• [EXERCISE DETAILS] Each line from the one containing "ECSTASY Наро-Фоминск" to the end of the entries below is to be set down exactly; the pictures are not.

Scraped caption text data

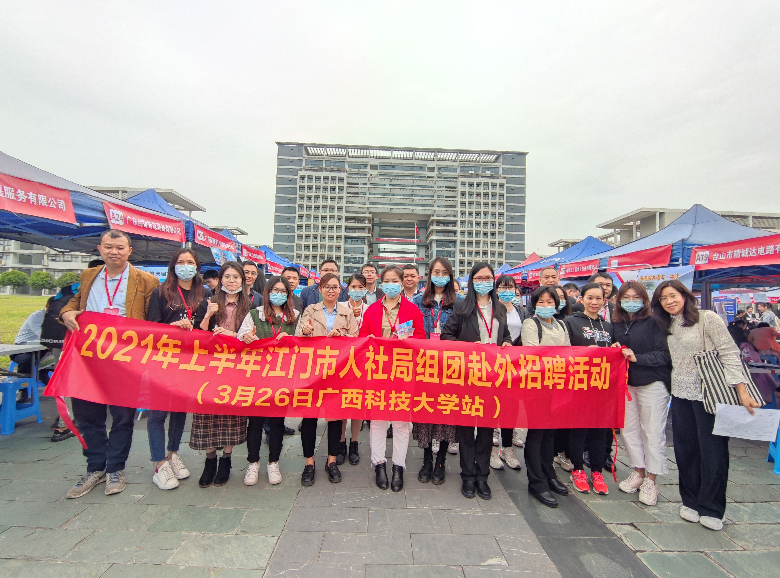 第一段配图：赴外招聘活动.jpg
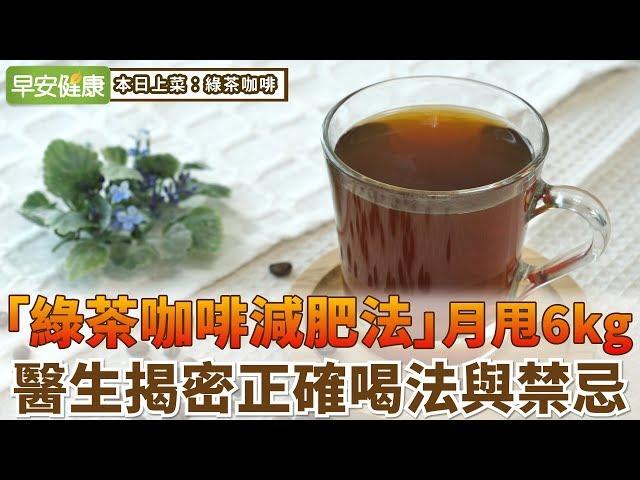 「綠茶咖啡減肥法」月甩6kg，醫生揭密正確喝法與禁忌【早安健康】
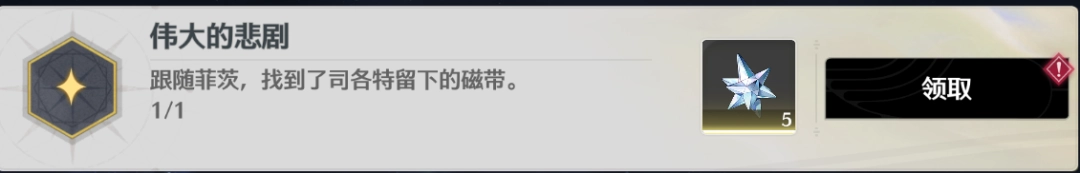 鸣潮伟大的悲剧成就攻略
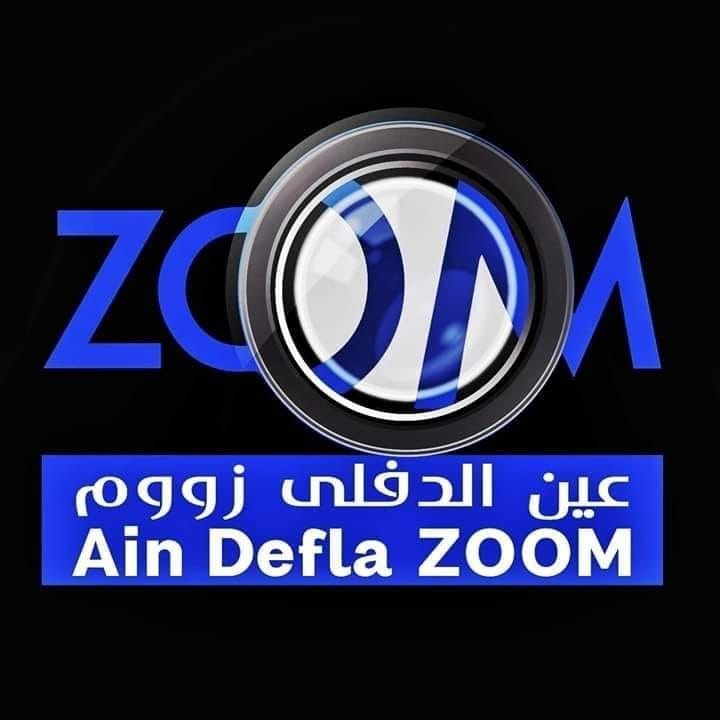 ‎Ain Defla Zoom عين... - Ain Defla Zoom عين الدفلى زووم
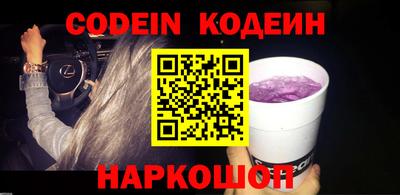 ECSTASY Наро-Фоминск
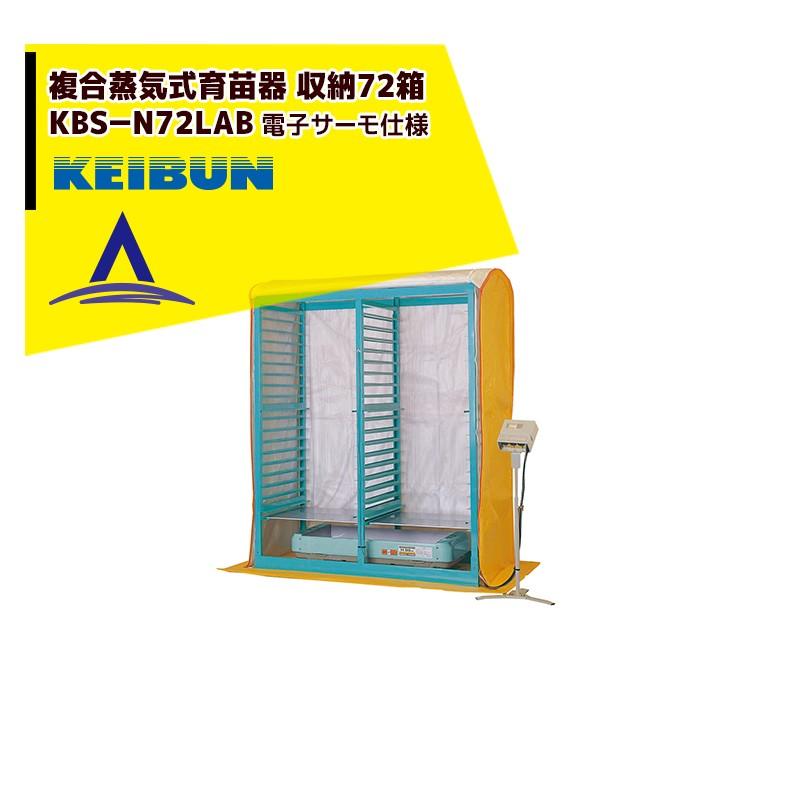 啓文社製作所｜KEIBUN 複合蒸気式育苗器 複合蒸気ヒーター KBS-E72LABB 収納箱数:棚方式72箱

• [ANSWER TO THE EXERCISE]
 ECSTASY Наро-Фоминск
 啓文社製作所｜KEIBUN 複合蒸気式育苗器 複合蒸気ヒーター KBS-E72LABB 収納箱数:棚方式72箱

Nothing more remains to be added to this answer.